:: SOURCE MATERIAL ::

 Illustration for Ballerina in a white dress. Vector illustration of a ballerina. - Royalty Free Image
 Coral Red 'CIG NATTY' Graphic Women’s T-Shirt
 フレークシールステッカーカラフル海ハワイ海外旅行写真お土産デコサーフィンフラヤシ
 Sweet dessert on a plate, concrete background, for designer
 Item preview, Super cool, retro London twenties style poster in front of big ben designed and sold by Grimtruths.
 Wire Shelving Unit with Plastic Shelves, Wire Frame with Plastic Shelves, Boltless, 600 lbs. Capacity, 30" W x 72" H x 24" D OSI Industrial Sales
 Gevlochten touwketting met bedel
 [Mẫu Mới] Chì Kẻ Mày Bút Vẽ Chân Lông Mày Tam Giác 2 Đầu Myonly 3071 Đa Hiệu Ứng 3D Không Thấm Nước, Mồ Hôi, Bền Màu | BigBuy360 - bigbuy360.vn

:::
:: SOURCE MATERIAL ::

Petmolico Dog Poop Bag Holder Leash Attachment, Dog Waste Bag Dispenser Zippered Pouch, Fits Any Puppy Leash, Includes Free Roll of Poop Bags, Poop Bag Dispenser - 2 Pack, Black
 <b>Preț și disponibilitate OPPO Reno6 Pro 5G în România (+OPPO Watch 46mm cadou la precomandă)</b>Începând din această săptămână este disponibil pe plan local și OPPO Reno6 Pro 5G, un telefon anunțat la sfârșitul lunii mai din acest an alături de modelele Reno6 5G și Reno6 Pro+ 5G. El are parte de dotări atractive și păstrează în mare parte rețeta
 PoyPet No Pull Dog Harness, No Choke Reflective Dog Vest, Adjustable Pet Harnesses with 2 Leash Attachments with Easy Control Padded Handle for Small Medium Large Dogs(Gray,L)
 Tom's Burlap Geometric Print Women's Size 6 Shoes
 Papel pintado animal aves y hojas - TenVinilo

:::
:: SOURCE MATERIAL ::

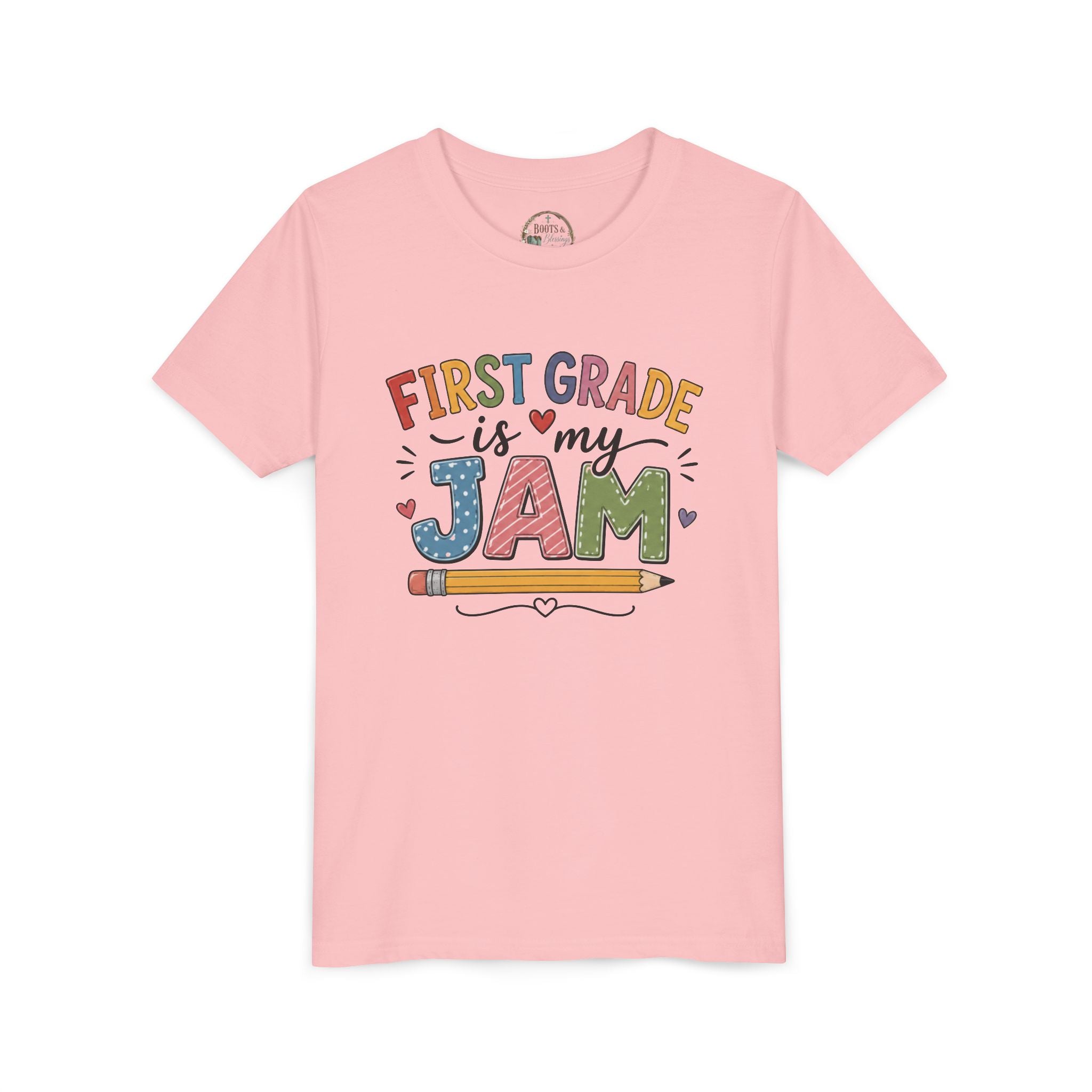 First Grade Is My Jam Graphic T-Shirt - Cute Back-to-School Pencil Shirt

:::

TASK DETAILS: Could you return exactly the lines above from the line with "Illustration for Ballerina" to the line with "Item preview, Super", both included, and nothing else?

SOLUTION TO THIS EXERCISE:
 Illustration for Ballerina in a white dress. Vector illustration of a ballerina. - Royalty Free Image
 Coral Red 'CIG NATTY' Graphic Women’s T-Shirt
 フレークシールステッカーカラフル海ハワイ海外旅行写真お土産デコサーフィンフラヤシ
 Sweet dessert on a plate, concrete background, for designer
 Item preview, Super cool, retro London twenties style poster in front of big ben designed and sold by Grimtruths.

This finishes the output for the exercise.